Entomology experts will gather this week at the 41st Australian Entomological Society (AES) scientific conference to discuss the importance of insect-related research to the Australian economy and the environment.
Curtin University is a Silver Sponsor of the upcoming conference that is being held from 26-30 September 2010 at The Vines Resort in Perth and has 160 delegates from Australia and overseas.
This year’s conference theme is ‘Entomology: For Australia’s Future’.
“This theme highlights the importance of entomology and the continued need for entomologists now and into the future,” said member of the organising committee Professor Jonathan Majer, Professor of Invertebrate Conservation in the Department of Environment and Agriculture at Curtin University.
“One introduced pest species could cost the Australian economy tens of millions of dollars per year,” Professor Majer said.
“The economic impact of insects is measured not only by the market value of products they destroy and the cost of damage they inflict but also by the money and resources expended on prevention and control of pest outbreaks.

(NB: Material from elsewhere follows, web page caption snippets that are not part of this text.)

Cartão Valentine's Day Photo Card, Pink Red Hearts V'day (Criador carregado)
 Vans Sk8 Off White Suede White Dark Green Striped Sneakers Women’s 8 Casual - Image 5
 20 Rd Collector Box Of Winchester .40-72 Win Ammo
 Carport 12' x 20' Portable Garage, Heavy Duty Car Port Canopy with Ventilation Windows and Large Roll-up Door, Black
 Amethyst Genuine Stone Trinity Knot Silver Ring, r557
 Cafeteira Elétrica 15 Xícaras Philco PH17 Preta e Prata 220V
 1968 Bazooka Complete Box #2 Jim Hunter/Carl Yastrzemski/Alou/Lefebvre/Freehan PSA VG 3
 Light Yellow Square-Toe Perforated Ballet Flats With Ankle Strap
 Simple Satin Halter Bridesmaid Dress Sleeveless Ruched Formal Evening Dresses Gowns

“Although dollar values for these losses are nearly impossible to calculate, especially when they affect human health and welfare, economists generally agree that insects consume or destroy around 10 per cent of gross national product in large, industrialized nations and up to 25 per cent of gross national product in some developing countries.”
Leading experts in the field will be present to give keynote lectures around the themes. WA Chief Scientist Professor Lyn Beazley will open the conference.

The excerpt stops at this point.